Hello.

This is long, it may invite disagreement, but I tried my best to avoid 
triggering any hurt feelings. In case you just want to be bothered with the 
past even for the purpose of figuring out ways to learn from it, I invite you 
to just skip reading the mail. There is certainly no need to relive the past. 
Given current human experience it is also not possible to change it. But maybe 
there is a way toward healing wounds.

Ian Jackson - 28.12.17, 11:20:
> Martin Steigerwald writes ("Re: Let's Stop Getting Torn Apart by 
Disagreement: Concerns about the Technical Committee"):
> > Any workable solution lies beyond blame, however.
> > Any workable solution lies beyond "I am right and you are wrong".
> 
> Traditionally Debian has a very workable approach for disagreements
> over whether software X or Y is better.  (For whatever value of
> "better")  Offer both and let people decide for themselves.

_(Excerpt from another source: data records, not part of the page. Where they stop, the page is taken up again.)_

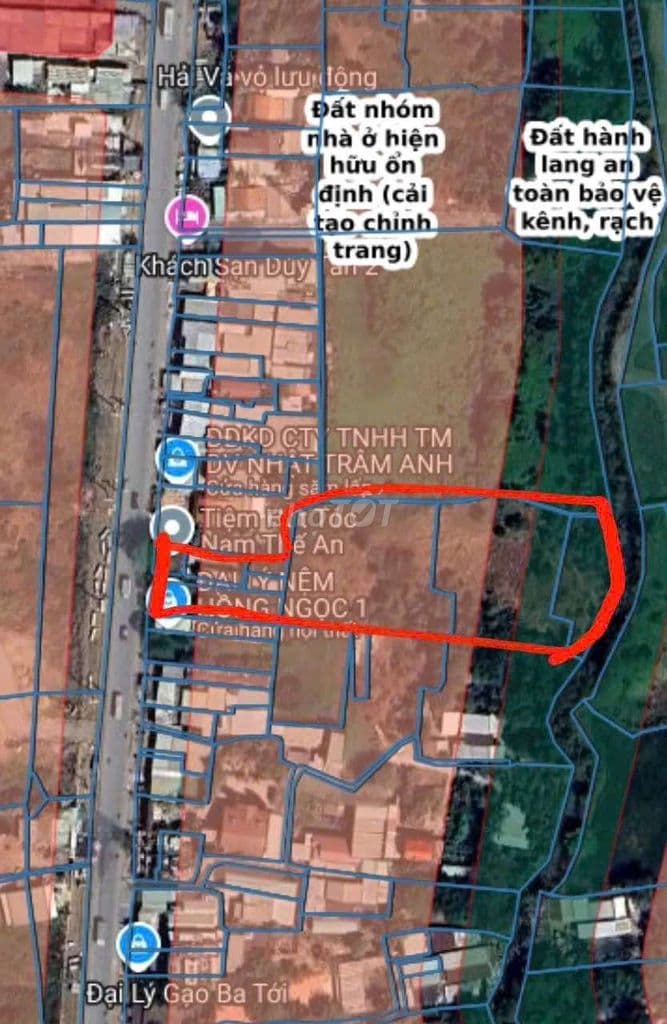 Bán đất mặt đường Nguyễn Cửu Phú 5000m có 2600m thổ cư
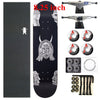 SK8ER Complete Canadian Skateboard Deck 8/8.125/8.25 inch Skate Board Wheels & Trucks & Bearings Double Rocker Skateboard Parts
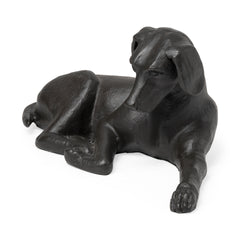Czar Black Metal Labrador Retriever - Ornate Home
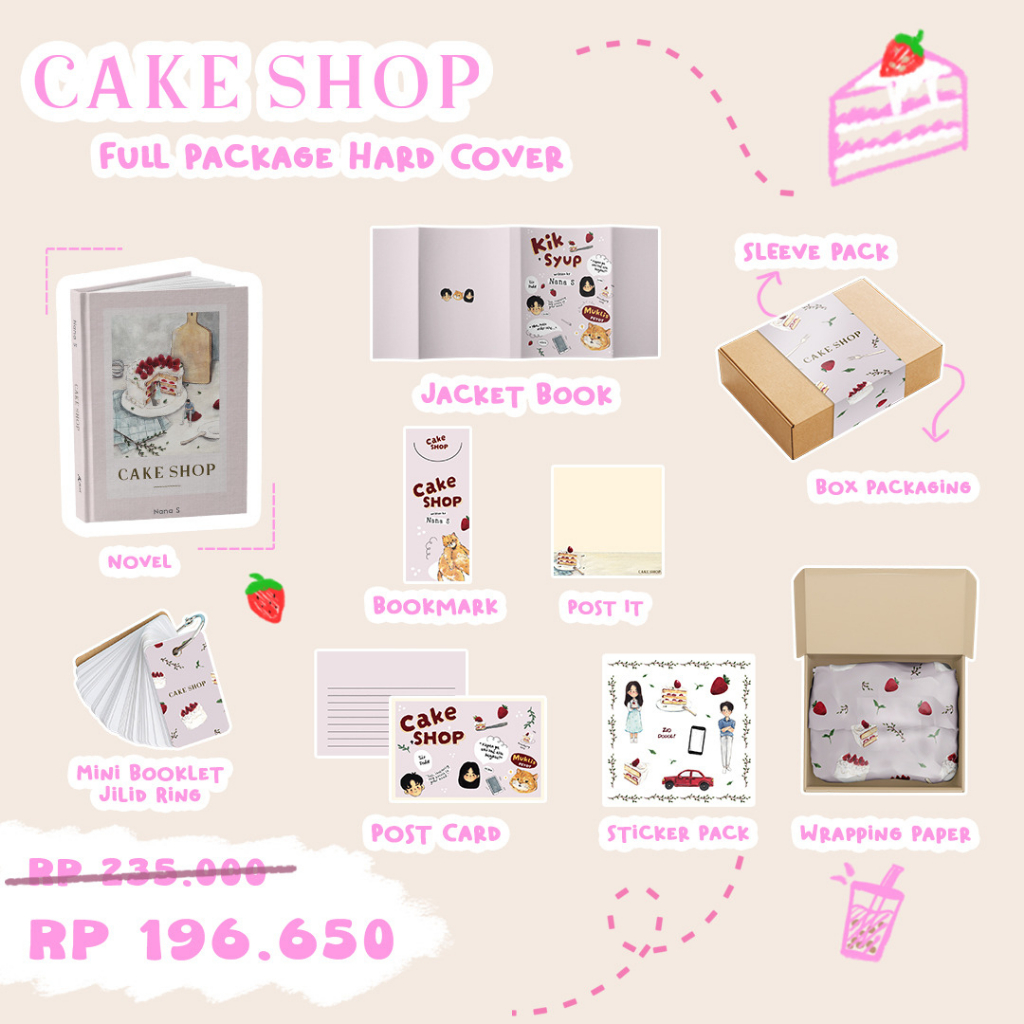 PROMO NOVEL CAKE SHOP REPACKAGE - AKAD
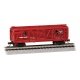 Animated Stock Car - Ready to Run -- Chicago, Burlington & Quincy 52105 (Cattle Load, red), N Bachmann Industries 19751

Sure. And it is a good approach.

Regarding Systemd/SysVInit/OpenRC this approach comes with a considerable cost 
tough as it is such a core part of the system. One cost is that a lot of 
packages link against Systemd library which is part of the reason why Devuan 
exists. Or that GNOME and to some degree other DEs without Systemd is somewhat 
challenging. Devuan developers gave up on the GNOME without Systemd topic for 
now as far as I understood.

As far as I understand it is not possible without considerable effort and 
quite some of alternative, basically duplicated packages to provide the choice 
of a truly Systemd free system within Debian. It appears to me to be almost 
like a new architecture like FreeBSD or Hurd flavors, not a different CPU 
architecture. Sure Systemd is not an operating system kernel, but it is a 
software that is really tightly coupled with one – a perfectly valid, but not 
the only possible choice made by upstream developers. But to provide a new 
architecture for this would also be considerable, heavy overhead. As far as I 
understand Devuan works a bit like that. They pull in a lot of packages 
unchanged from Debian and inject their own packages with some kind of an 
overlay mechanism. Maybe there is something for Debian people to learn from 
that approach. I did not review it closely so far.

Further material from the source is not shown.